--- DATA IN THIS EXERCISE ---

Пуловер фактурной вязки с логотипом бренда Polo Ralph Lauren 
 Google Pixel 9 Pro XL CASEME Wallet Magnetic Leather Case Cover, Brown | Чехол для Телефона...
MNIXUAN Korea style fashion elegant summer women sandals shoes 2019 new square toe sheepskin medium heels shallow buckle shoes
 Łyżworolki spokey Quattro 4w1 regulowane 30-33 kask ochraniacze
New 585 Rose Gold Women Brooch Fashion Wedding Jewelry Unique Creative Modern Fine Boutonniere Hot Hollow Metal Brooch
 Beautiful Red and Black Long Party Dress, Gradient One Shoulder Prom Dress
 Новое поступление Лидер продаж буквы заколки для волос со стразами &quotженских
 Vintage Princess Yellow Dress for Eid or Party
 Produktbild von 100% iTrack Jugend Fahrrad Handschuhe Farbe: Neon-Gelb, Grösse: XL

---
--- DATA IN THIS EXERCISE ---

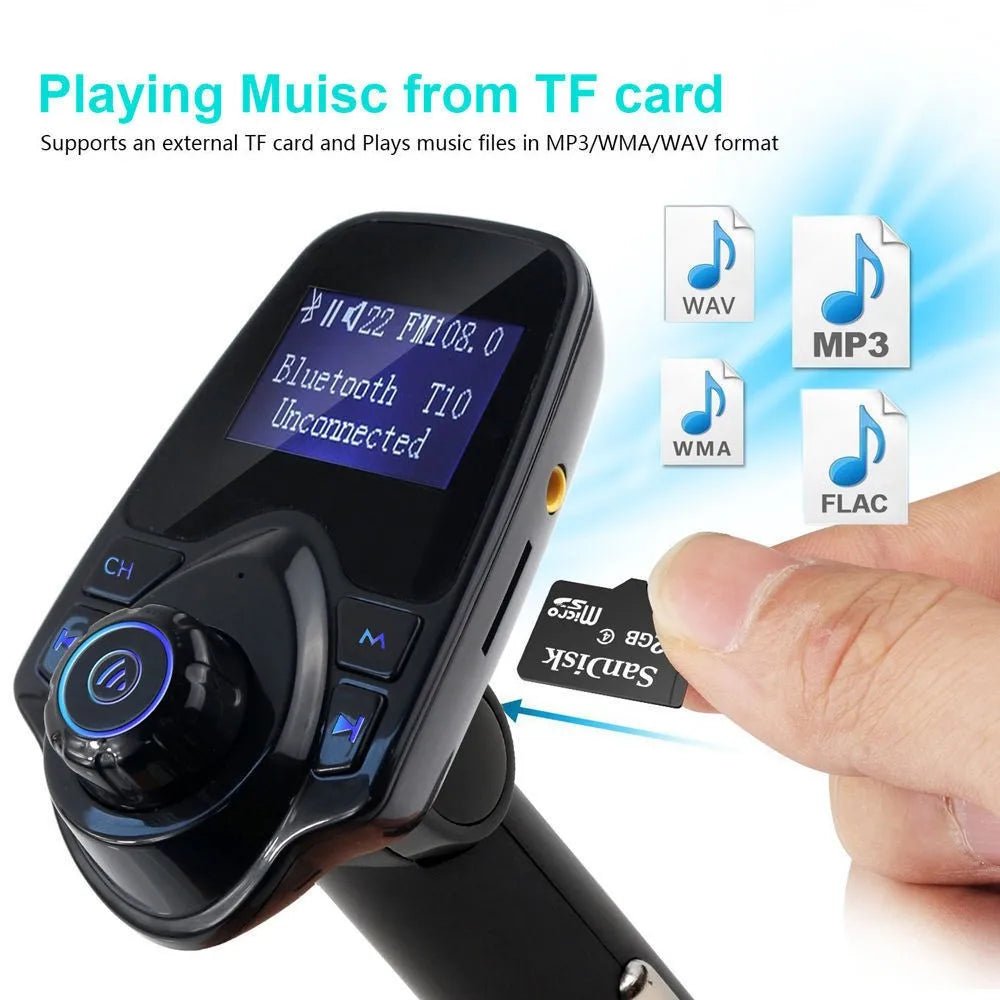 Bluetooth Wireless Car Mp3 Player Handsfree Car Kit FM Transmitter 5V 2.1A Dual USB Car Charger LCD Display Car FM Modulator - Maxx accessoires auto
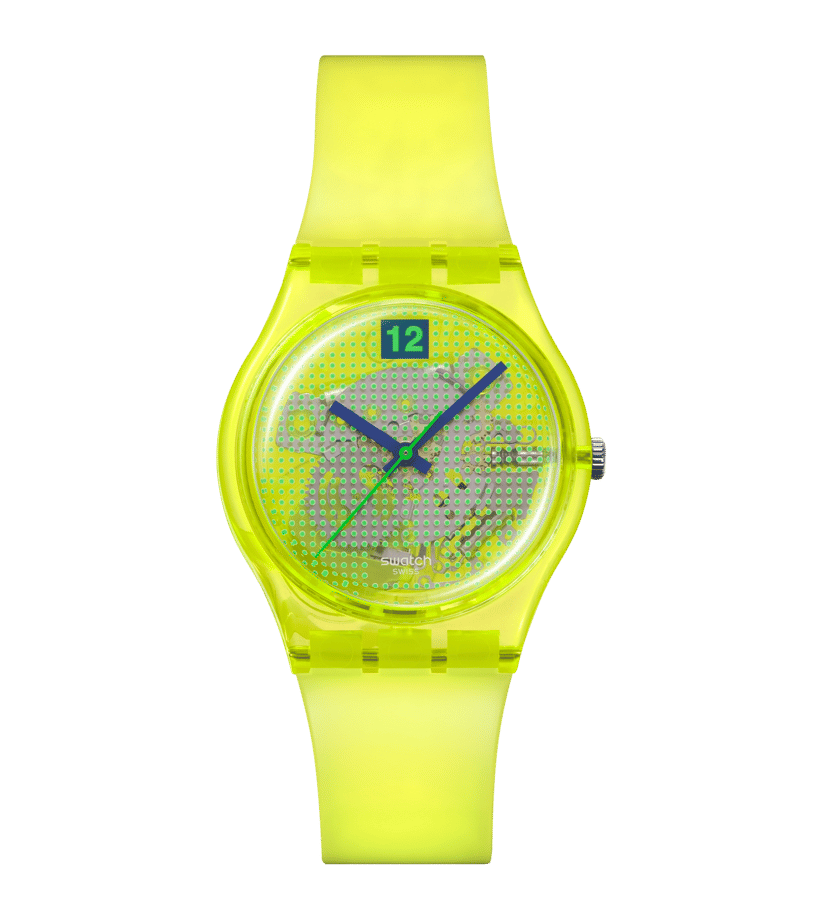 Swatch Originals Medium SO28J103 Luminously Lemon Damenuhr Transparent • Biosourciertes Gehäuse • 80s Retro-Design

---

TO DO:
If a line in the data above contains "Dress", return that line.

EXERCISE RESPONSE:
 Beautiful Red and Black Long Party Dress, Gradient One Shoulder Prom Dress
 Vintage Princess Yellow Dress for Eid or Party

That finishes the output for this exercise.